WATCHING a film and thinking ‘hang on, what the f**k is that accent supposed to be?’ Nobody has ever spoken like these people:
Kevin Costner in Robin Hood: Prince of Thieves, 1991
Americans are famously terrible at any accents that aren’t their own, but our Kev, after two celebrated all-American roles, evidently decided not even to try. Appallingly lazy and embarrassing to Nottingham and England as a whole, this should have destroyed the Special Relationship forever.
Sean Connery in The Hunt for Red October, 1990
If you’re working with Sean Connery you know that he’s not going to do anything but a Scottish accent. If he’s Scottish for Bond he’s Scottish for everthing. So allowing him to speak Russian with an Edinburgh drawl with no nod towards accurate pronunciation is all the more f**king baffling.
Ray Winstone in The Departed, 2006
It’s not all Americans. Cockney geezer Ray Winstone decided to stretch himself by playing a Boston gang member for Scorcese, despite having no business being in Boston unless it’s meant to be some weird exchange programme the American city has with Romford.

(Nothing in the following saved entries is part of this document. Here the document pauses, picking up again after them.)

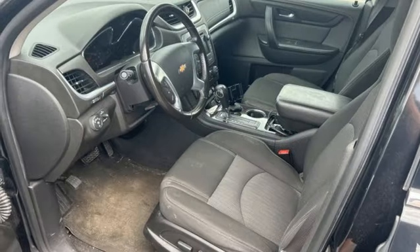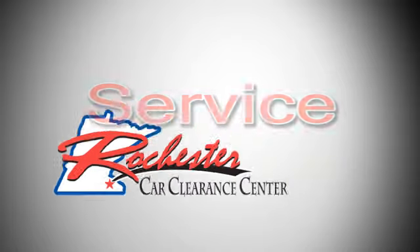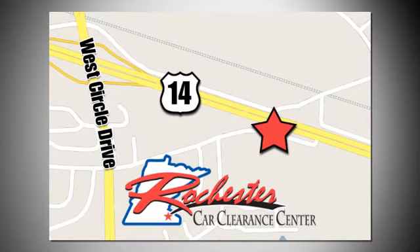Performance, value, durability — Chevy. Hurry in today and see it for yourself. At Rochester Car Clearance Center, you get our best price, bottom line. We are conveniently located on Highway 14 West near West Circle Drive.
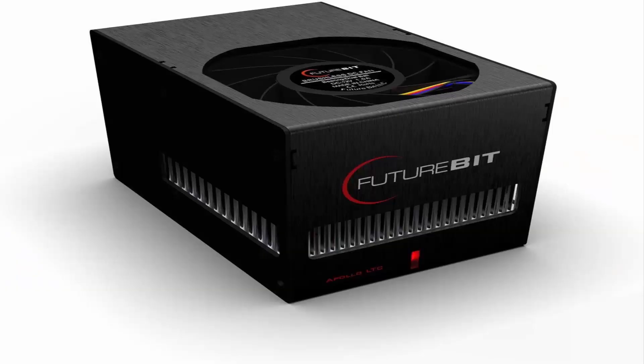Number 1: Futurebit Apollo LTC Pod ASIC Miner. Compact stand-alone pod-style miner, 4x6x4 inches, that mines any scrypt-based algorithm coin — Litecoin, Digibyte, Verge, Einsteinium, Gulden, etc.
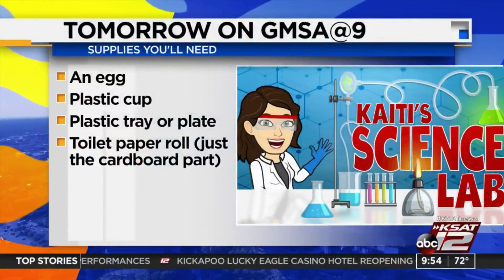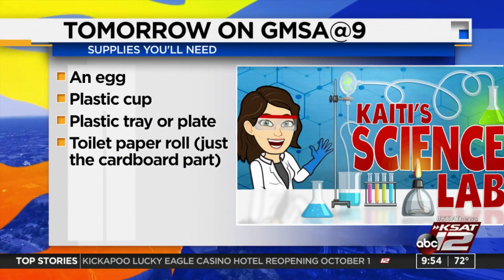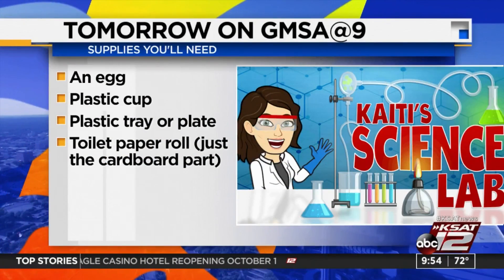Tomorrow on GMSA, Kaiti Blake will be doing her science lab experiment. If your kids would like to take part in our egg drop challenge, here's what she'll need.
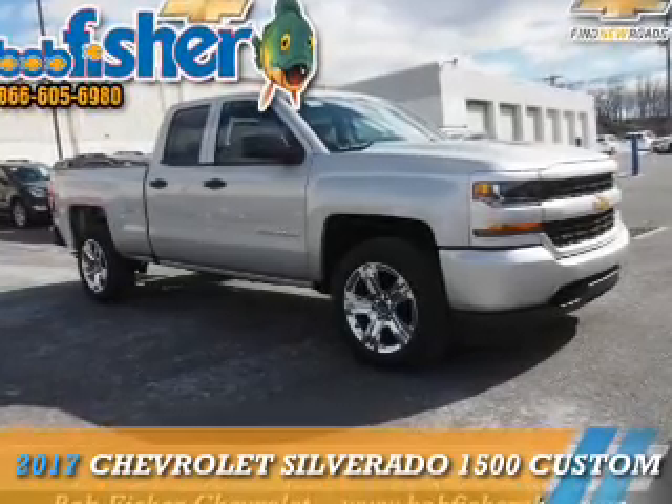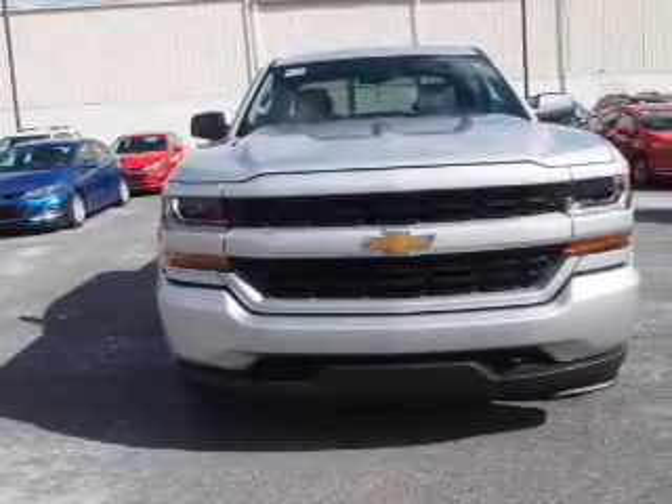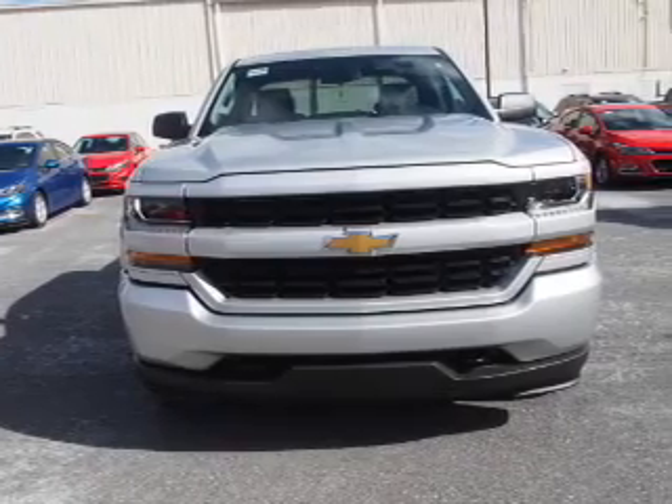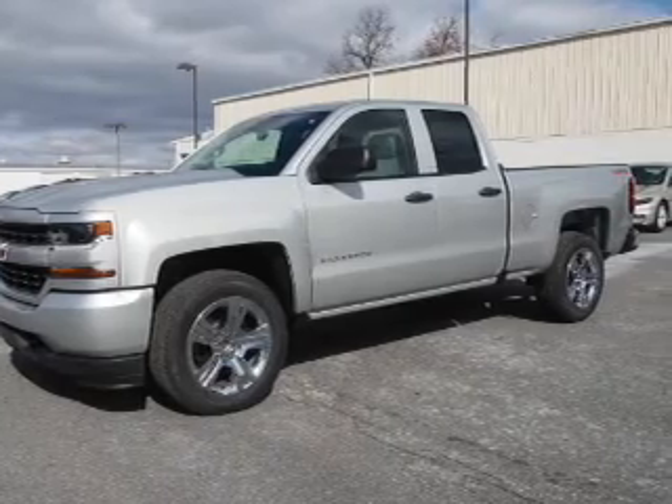Presenting the 2017 Chevrolet Silverado 1500. It's powered by 4-wheel drive, a 5.3 liter 8-cylinder engine, and a 6-speed automatic transmission.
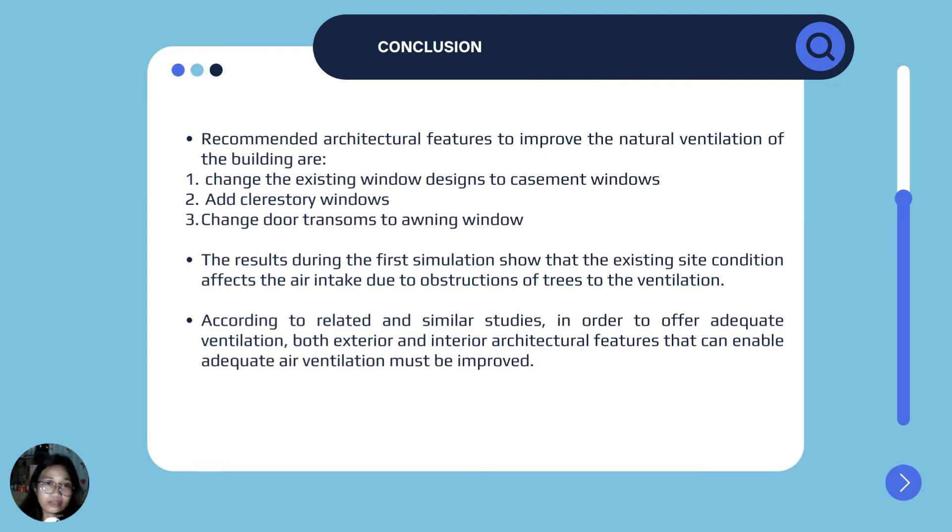For the conclusion, the results during the first simulation show that the existing site condition affects the air intake due to obstructions of trees to the ventilation. According to related and similar studies, in order to offer adequate ventilation, both exterior and interior architectural features that can enable adequate air ventilation must be improved.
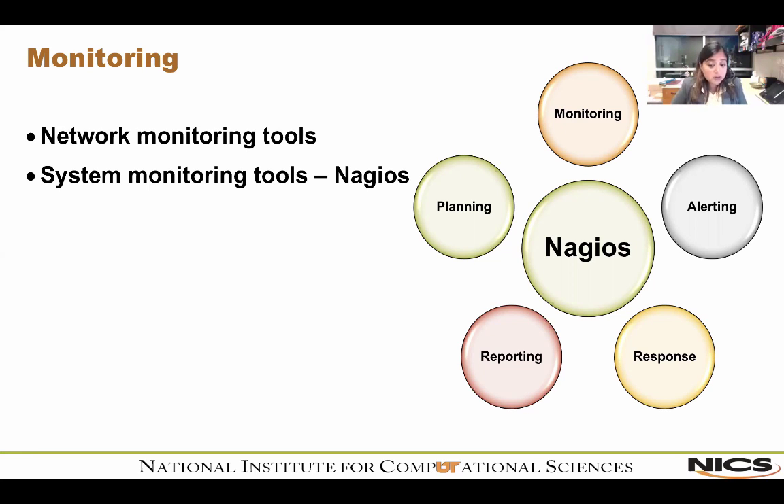Fourth is reporting — Nagios provides a historical record of outages, events, notifications, and alert responses for later review. Availability reports help ensure SLAs are being met. Fifth is planning — trending and capacity planning graphs allow you to identify necessary infrastructure upgrades before failures occur. If a service is failing more frequently than before, that signals you should upgrade it before it completely goes down.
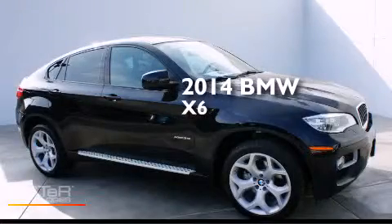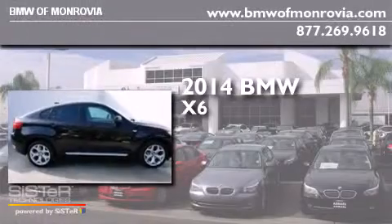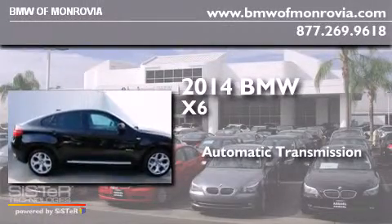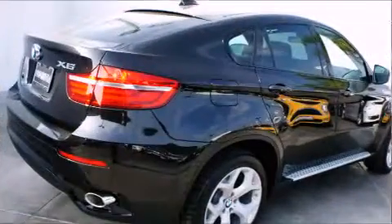This is a brand new 2014 BMW X6. This crossover has an automatic transmission, a six-cylinder engine, and all-wheel drive.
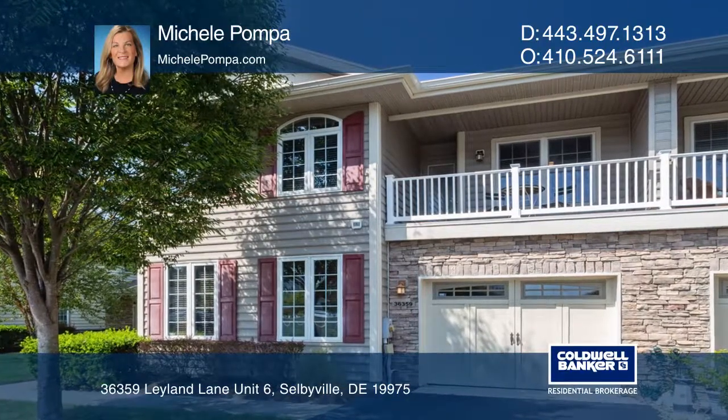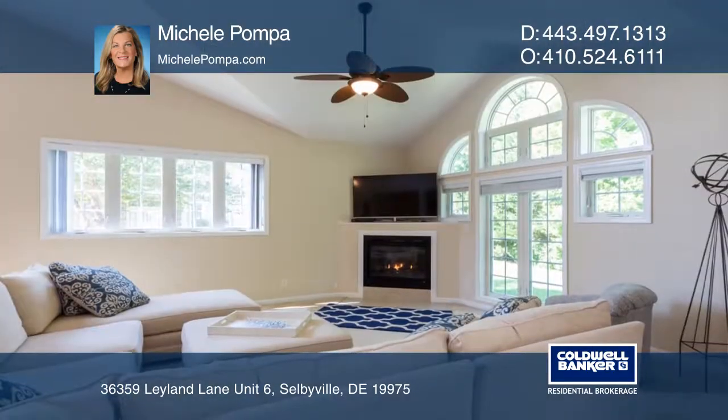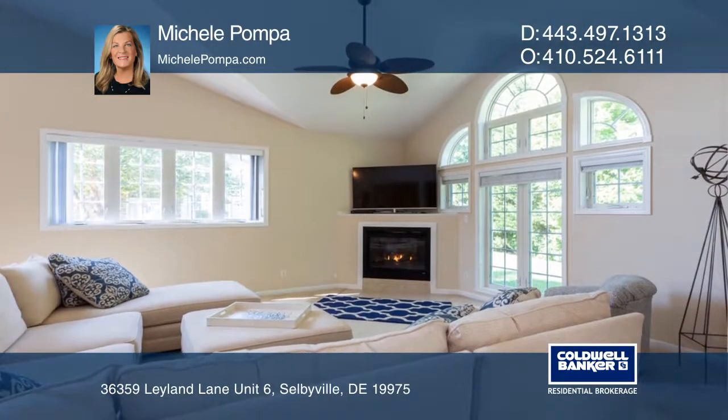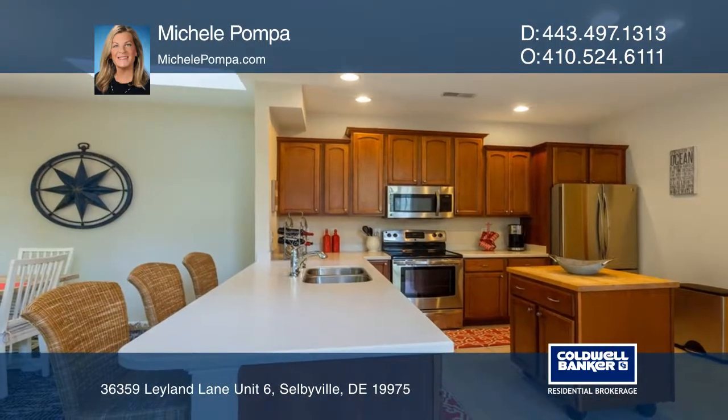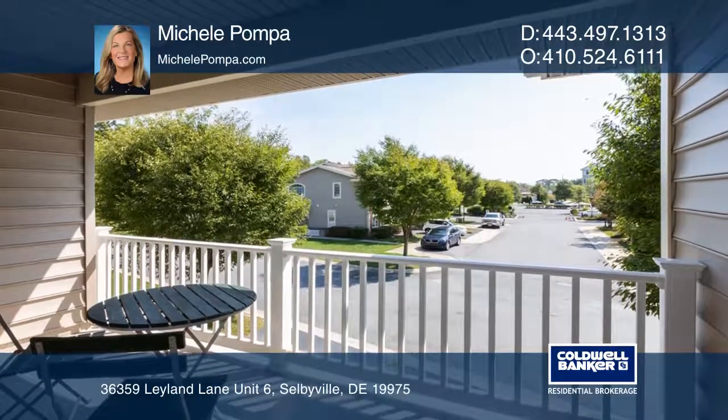This beautiful three bedroom, three and one half bath beach home has it all. A loft that can be used as a fourth bedroom or a den. Soaring windows and vaulted ceilings and a gas fireplace. There are two master bedrooms and the gourmet kitchen has stainless steel appliances. Enjoy lots of outdoor living space for entertaining.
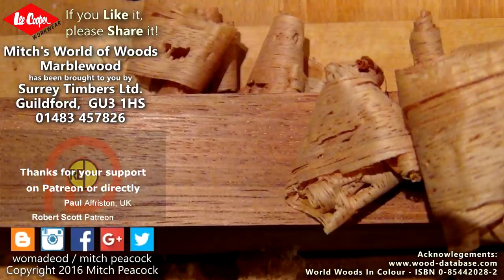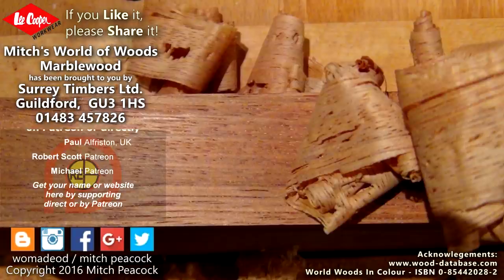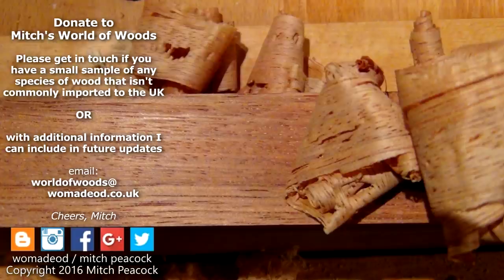If you like it, share it! And why not follow me on Patreon and other social media? Cheerio! Can you help me build my world of woods? If you've got a sample of wood which isn't commonly imported or sold in the UK that you can let me have, it would be great to hear from you!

Leonardo Dicaprio in Blood Diamond, 2006
It’s impressive that a dark drama set in Africa with warlords and machetes could be derailed into a comedy by one man’s accent, but Leo manages it with his memorably awful Dutch-Kiwi-American interpretation of an Afrikaans twang. Dies at the end, presumably of toxic shock syndrome from allowing this alien thing into his body.
Tom Cruise in Far and Away, 1992
Americans love Ireland. It’s like Britain’s cute little brother who drinks too much. Americans are also incapable, on a genetic level, of doing the f**king accent. Tom Cruise cocks it right up. It’s as obviously fake as his marriage.
Sean Connery in You Only Live Twice, 1967
He’s back. Not for being Scottish while English, but for being Scottish while being James Bond disguised as a Japanese man. In this universe the Japanese are utterly sold on this slurring Scot speaking rudimentary phrases as just one more Tokyo salaryman.